JS Scenario
The ScrapeOps Proxy API Aggregator enables you to send commands to a headless browser when using our headless browser functionality.
For common JS commands we've created dedicated query parameters that you can enable on your requests:
- Wait Time: allows you to wait a specific amount of time before returning the response.
- Wait For Selector: allows you to wait for a specific element on the page before returning the response.
- Scroll: Enables you to scroll the page in the y-axis before returning the response so you can scrape pages with infinite scrolls.

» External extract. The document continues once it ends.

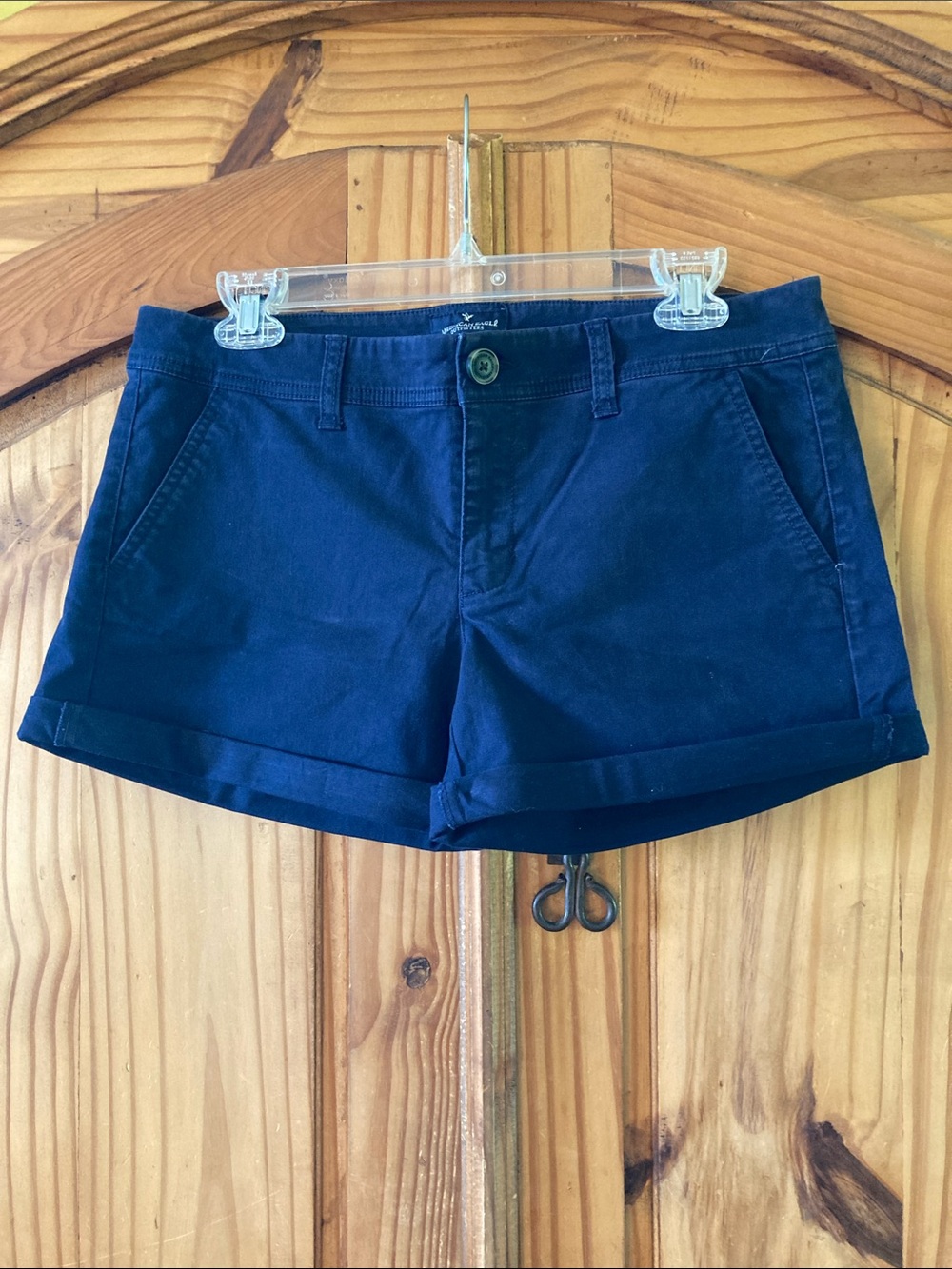 Women’s American Eagle Stretch MIDI blue shorts size 8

However, if you want to execute other actions (like filling in forms or scrolling in the x-axis) or you want to chain mulitple actions together then you can create custom JS scenarios and send to the proxy API.
Using JS Scenarios
Here is an simple Javascript Scenario to show you how this functionality works.
For example, if you would like to wait for 3000 miliseconds before returning the response (useful if a page doesn't display data straight away) then you can create a JS scenarion like this:
{
"instructions": [
{"wait": 3000}
]
}
You then need to stringify this JSON object and escape any special characters. In Python we would do this like this:
import json
import urllib.parse
js_scenario = {
"instructions": [
{"wait": 3000}
]
}
js_scenario_string = json.dumps(js_scenario)

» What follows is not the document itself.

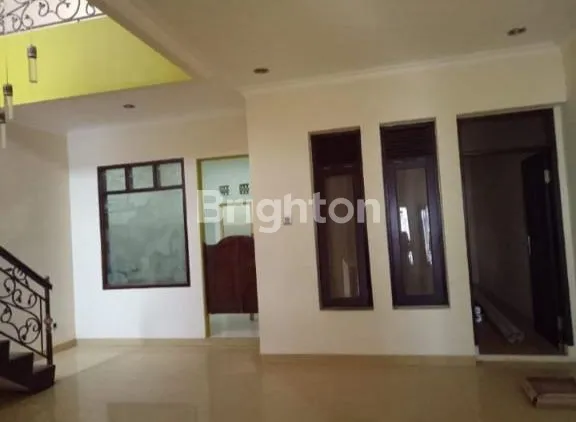 image DIJUAL 1 UNIT RUMAH 2 LANTAI YANG LOKASINYA DI KOMPLEK ANTΑΡΑΝΙ, ΚΟΤΑ BANDUNG BANDUNG (4)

encoded_js_scenario = urllib.parse.quote(js_scenario_string)
## Output
## %7B%22instructions%22%3A%20%5B%7B%22click%22%3A%20%22%23buttonId%22%7D%5D%7D
Then we just need to send this encoded string with our request using the js_scenario
query parameter
curl -k "https://proxy.scrapeops.io/v1/?api_key=YOUR_API_KEY&url=http://example.com/&js_scenario=%7B%22instructions%22%3A%20%5B%7B%22click%22%3A%20%22%23buttonId%22%7D%5D%7D"
This Javascript Scenario will then tell the headless browser to wait 3,000 miliseconds before returning a response, giving the website enough time to load the target data onto the page.
Adding a JS Scenario to the request will automatically enable a headless browser (equivalent to adding render_js=true
to the request). Using the Headless Browser functionality will consume 10 API Credits.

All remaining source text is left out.